7. DECLARES that the sixth and seventh respondents aided and abetted and have been directly or indirectly, knowingly concerned in or a party to the contraventions of the third respondent described in pars 3 and 4 above.
8. RESTRAINS the first respondent by itself, its servants or agents or otherwise howsoever and by any means whatsoever including by utilising the Internet, in connection with the promotion of the BEP Scheme and any substantially similar scheme, from, in trade or commerce, making or permitting to be made any statement, expressly or impliedly, that:
8.1 a return of $9500.00 is guaranteed to investors in the BEP Scheme after 36 months on payment of $1084.00, being an initial payment of $220.00 for 2 kg of worms and 36 monthly management payments of $24.00 totalling $864.00; and
8.2 reasonable grounds exist for a belief that the BEP Scheme will generate sufficient funds to enable a return to investors of $9500.00 after 36 months on an investment of $1084.00, being an initial payment of $220.00 for 2 kg of worms and 36 monthly management payments of $24.00 totalling $864.00,
in contravention of ss 52, 53(g) and 59(2) of the Act.
9. RESTRAINS the second and fourth respondents by themselves, their servants or agents or otherwise howsoever including by utilising the Internet, in connection with the promotion of the Buyplus Scheme and any substantially similar scheme, from aiding and abetting, further and in the alternative, directly or indirectly, being knowingly concerned in or a party to the contraventions of:
9.1 inducing persons to acquire goods or services from the second and fourth respondents in connection with the Buyplus Scheme by representing that the persons would, after the contract for the acquisition of the goods or services was made, receive a rebate, commission or other benefit in return for giving the second and fourth respondents the names of prospective customers or otherwise assisting the second and fourth respondents to supply goods or services to other consumers where receipt of the rebate, commission or other benefit was contingent on an event occurring after that contract was made in contravention of s 57 of the Act; and
9.2 promoting the Buyplus Scheme in which persons who were participants in the Buyplus Scheme, or had applied or been invited to become participants in the Buyplus Scheme, made a payment to or for the benefit of the second and fourth respondents, being a payment that they were induced to make by reason that the prospect was held out to them of receiving payments or other benefits in respect of the introduction (whether by themselves or by another person) of other persons who became participants in the Buyplus Scheme in contravention of s 61 of the Act.
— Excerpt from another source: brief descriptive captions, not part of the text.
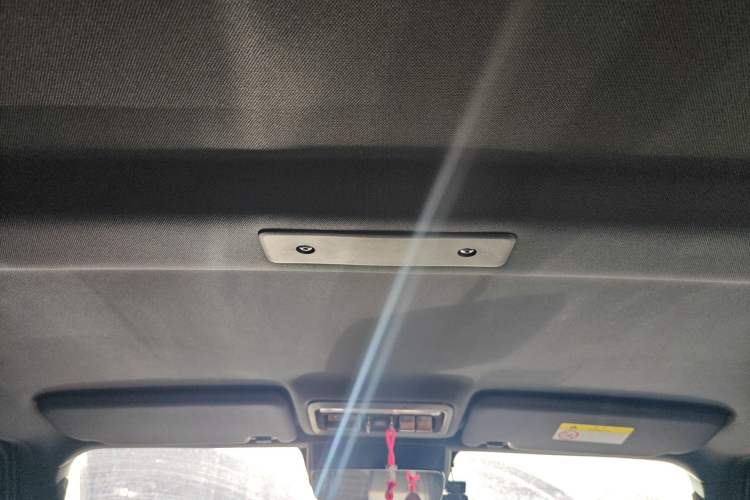 Used iCAR V23 2025 401 Two-Wheel Drive Advanced Edition Headliner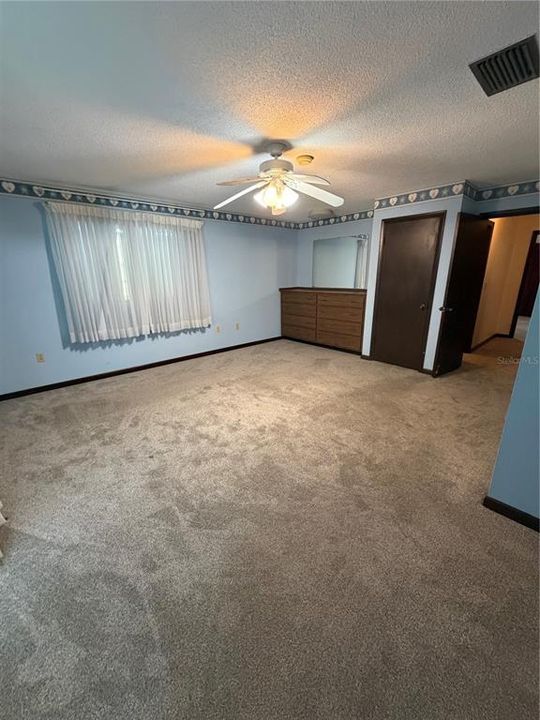 For Rent: $2,400 (4 beds, 3 baths, 2755 Square Feet)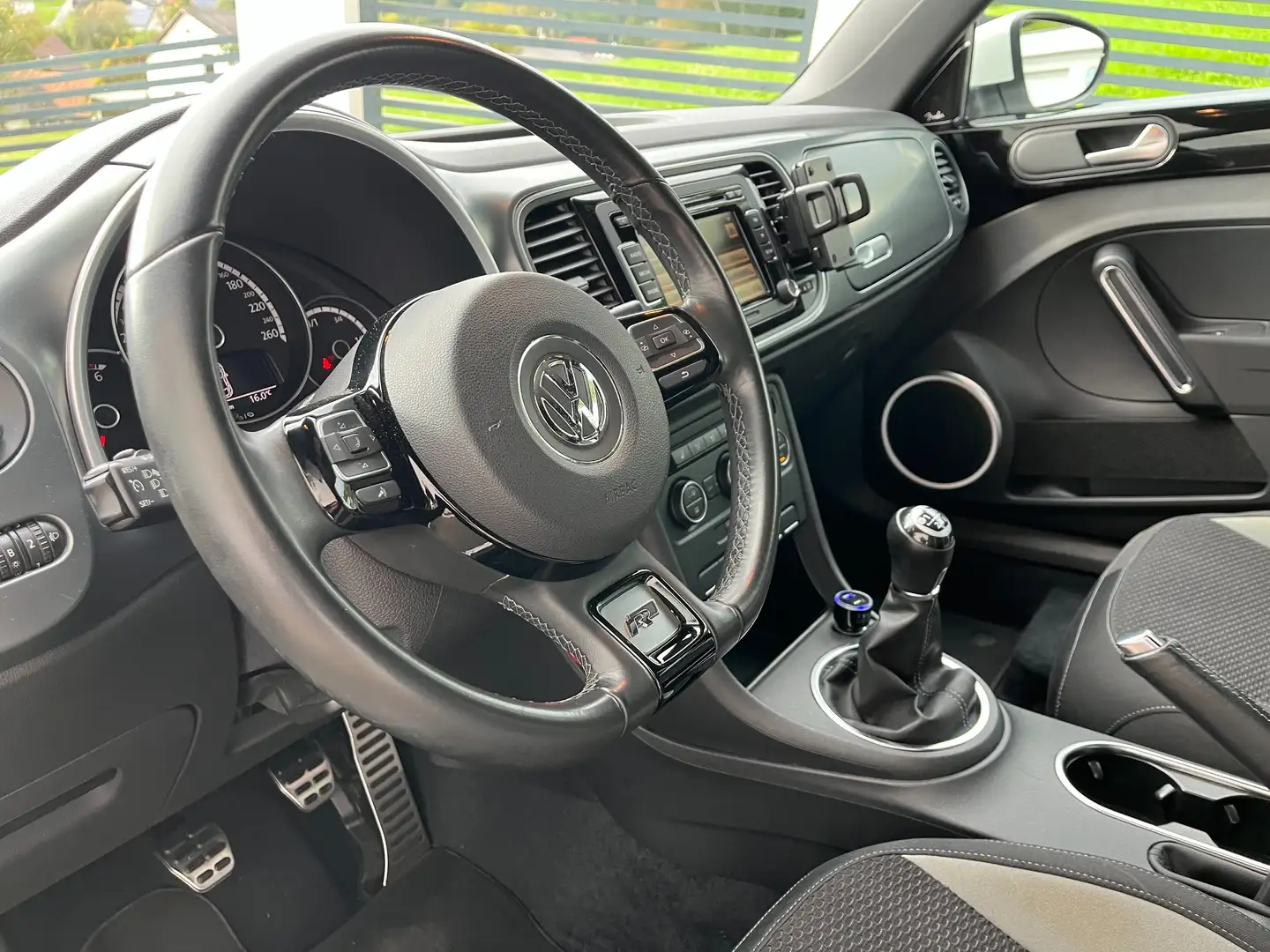 Volkswagen Beetle 2,0 TDI, Sky, R-LINE, Fender Weiß - 2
10. RESTRAINS the third and fourth respondents by themselves, their servants or agents or otherwise howsoever including by utilising the Internet, in connection with the promotion of the Greenstar Scheme and any substantially similar scheme, from:
10.1 making or permitting to be made any statement that, or from which it may reasonably be inferred that:
(a) All Greenstar members will be provided with a Greenstar Card that can be used for making purchases anywhere that major credit cards are accepted (including the Internet), withdrawing money from an ATM world-wide, transferring money and making phone calls at cheap international rates;
(b) The Greenstar Card is or will be available for distribution to members;
(c) Greenstar monthly membership fee of US$30.00 will be distributed by Greenstar as follows:
(i) US$5.00 paid to Global Card Pool;
(ii) US$5.00 paid to projects in home country;
(iii) US$0.50 donated to international charitable projects; and
(iv) US$19.50 for the purchase of 1 kg worm stock (includes US$5.00 contribution to Greenstar Members' Profit Share Pool);
(d) Greenstar has established a Global Card Pool and Greenstar Members' Profit Pool and income from the Greenstar Card is being paid into the Global Card Pool, such income being made up of a contribution from members' fees referred to in par 11.1(c) and income from transaction charges for use of the Greenstar Card by members and non-members, including:
(i) US$0.05 from every Greenstar cardholder transaction;
(ii) US$0.25 from Greenstar Card ATM withdrawals; and
(iii) US$0.03 from every non-member card transaction;
(e) it is feasible for members to earn in excess of US$20 000.00 per month from their membership;
(f) within 12 months of 19 August 2000, dividends and income for members of the BEP Scheme who converted to the Greenstar Scheme would exceed US$30.00 per month;
(g) the Greenstar Scheme has been approved by the Western Australian Ministry of Fair Trading;
(h) Greenstar provides a full money back guarantee for members monthly fees after 36 months; and
(i) Greenstar owns 58 percent of AETL and receives profits generated by its association with AETL;
in contravention of ss 52, 53(c), 53(g) and 59(2) of the Act.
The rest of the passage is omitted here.